- [Work to be completed]: Wherever a line in the records below contains "Baby", copy that line.
───
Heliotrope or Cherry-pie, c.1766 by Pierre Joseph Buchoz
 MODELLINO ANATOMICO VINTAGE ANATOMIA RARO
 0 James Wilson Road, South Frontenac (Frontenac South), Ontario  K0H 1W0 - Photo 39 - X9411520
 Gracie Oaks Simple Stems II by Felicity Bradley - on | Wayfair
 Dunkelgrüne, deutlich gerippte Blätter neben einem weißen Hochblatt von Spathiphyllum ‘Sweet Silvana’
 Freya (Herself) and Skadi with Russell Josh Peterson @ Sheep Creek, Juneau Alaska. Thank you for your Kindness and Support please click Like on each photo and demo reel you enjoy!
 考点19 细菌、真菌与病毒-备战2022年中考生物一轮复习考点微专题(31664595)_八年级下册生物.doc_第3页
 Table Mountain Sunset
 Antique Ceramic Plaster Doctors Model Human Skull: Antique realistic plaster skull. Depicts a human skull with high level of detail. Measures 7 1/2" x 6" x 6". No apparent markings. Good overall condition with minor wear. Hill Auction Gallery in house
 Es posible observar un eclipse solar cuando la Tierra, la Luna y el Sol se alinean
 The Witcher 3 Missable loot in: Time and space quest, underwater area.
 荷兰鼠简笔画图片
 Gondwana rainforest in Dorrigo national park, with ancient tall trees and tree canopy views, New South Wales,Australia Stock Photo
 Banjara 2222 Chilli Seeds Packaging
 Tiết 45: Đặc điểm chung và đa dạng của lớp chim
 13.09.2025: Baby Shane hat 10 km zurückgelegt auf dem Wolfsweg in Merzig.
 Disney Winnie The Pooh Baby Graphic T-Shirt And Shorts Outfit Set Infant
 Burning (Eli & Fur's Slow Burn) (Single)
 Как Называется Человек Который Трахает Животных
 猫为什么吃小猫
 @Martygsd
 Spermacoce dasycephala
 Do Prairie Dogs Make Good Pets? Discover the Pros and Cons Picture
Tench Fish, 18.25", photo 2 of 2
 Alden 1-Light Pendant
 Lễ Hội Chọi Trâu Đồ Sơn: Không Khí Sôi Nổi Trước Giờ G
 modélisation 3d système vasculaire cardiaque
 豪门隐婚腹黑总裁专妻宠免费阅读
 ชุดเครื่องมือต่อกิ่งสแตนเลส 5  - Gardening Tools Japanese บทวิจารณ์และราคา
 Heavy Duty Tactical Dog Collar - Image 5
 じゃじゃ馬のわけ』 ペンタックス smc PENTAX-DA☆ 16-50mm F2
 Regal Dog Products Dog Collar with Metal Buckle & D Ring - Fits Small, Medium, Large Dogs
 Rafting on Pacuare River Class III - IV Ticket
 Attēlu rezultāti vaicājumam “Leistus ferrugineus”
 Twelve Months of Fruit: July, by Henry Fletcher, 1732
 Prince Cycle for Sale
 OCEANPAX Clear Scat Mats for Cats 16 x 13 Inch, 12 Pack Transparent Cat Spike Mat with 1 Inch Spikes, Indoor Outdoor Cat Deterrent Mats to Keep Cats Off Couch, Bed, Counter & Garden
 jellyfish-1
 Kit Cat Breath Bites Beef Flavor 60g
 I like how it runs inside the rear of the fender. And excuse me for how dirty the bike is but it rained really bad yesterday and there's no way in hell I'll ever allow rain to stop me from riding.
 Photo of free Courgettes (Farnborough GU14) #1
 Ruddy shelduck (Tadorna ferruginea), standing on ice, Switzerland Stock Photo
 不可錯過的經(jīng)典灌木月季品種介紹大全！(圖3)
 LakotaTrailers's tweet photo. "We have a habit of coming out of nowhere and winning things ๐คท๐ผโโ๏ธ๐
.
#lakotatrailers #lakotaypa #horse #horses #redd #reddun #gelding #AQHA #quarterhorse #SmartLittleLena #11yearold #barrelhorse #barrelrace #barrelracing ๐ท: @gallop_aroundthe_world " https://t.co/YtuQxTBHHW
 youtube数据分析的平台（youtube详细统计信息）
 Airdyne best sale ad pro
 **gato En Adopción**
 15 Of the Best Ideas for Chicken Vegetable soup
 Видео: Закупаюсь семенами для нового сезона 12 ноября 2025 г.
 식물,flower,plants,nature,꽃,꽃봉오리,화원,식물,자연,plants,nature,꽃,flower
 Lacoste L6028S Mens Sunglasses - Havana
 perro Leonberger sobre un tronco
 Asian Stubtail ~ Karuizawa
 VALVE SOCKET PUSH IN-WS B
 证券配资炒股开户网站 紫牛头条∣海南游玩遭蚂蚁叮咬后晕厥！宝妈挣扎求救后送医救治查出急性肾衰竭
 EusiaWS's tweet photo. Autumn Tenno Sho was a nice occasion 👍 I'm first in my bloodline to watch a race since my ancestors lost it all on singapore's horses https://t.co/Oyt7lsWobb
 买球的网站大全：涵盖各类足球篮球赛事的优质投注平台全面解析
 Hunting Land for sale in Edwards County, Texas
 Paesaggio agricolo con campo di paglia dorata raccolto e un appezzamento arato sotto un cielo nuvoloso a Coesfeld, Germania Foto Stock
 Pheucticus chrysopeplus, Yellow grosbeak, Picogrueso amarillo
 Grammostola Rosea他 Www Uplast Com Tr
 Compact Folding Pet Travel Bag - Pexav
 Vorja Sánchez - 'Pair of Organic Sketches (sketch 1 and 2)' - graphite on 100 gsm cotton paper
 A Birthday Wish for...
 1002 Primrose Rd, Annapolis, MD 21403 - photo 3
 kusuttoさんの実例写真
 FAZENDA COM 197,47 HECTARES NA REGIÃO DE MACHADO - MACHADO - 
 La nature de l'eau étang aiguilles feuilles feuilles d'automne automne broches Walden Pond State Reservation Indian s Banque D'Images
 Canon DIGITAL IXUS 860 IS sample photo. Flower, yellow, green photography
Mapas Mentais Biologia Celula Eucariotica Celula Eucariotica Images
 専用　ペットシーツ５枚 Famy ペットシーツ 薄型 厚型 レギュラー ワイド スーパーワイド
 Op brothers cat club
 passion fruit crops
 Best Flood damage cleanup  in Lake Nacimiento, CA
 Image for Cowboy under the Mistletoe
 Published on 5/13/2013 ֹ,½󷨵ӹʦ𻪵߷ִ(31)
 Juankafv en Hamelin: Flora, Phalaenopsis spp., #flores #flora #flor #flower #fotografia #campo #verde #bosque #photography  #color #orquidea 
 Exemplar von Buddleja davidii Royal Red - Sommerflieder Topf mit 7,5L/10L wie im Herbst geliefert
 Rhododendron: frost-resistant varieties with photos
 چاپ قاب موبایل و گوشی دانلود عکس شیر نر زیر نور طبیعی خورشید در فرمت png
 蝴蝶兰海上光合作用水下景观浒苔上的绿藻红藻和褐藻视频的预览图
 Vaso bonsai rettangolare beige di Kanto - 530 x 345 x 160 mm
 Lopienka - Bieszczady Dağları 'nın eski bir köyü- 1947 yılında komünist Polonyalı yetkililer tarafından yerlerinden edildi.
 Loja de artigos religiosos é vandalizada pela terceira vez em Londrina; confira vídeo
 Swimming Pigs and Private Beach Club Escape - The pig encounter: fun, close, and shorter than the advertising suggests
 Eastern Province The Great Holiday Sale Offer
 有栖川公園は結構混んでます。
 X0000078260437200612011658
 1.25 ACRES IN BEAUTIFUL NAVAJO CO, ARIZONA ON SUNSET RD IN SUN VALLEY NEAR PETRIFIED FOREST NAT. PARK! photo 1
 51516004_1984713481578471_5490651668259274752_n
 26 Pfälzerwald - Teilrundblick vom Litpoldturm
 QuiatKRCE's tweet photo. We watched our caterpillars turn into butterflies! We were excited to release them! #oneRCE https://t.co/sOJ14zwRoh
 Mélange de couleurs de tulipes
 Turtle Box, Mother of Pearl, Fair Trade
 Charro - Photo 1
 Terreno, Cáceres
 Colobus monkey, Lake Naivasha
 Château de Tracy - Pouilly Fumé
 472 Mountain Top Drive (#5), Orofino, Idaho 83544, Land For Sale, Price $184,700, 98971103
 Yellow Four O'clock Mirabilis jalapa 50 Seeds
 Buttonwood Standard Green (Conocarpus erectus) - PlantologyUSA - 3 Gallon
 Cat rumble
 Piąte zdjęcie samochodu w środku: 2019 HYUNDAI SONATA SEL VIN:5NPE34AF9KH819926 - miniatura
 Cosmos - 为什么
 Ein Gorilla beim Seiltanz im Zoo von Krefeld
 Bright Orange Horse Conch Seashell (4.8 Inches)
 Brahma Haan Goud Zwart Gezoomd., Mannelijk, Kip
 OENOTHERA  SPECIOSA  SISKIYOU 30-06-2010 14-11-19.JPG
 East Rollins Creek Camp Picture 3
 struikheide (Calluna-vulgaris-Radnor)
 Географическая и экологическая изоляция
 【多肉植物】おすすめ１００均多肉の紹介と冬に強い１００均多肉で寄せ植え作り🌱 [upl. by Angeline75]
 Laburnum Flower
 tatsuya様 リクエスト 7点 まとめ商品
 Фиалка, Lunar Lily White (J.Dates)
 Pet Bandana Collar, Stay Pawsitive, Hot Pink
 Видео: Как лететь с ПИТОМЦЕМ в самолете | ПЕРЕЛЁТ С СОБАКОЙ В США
───
- [Response below]:
 13.09.2025: Baby Shane hat 10 km zurückgelegt auf dem Wolfsweg in Merzig.
 Disney Winnie The Pooh Baby Graphic T-Shirt And Shorts Outfit Set Infant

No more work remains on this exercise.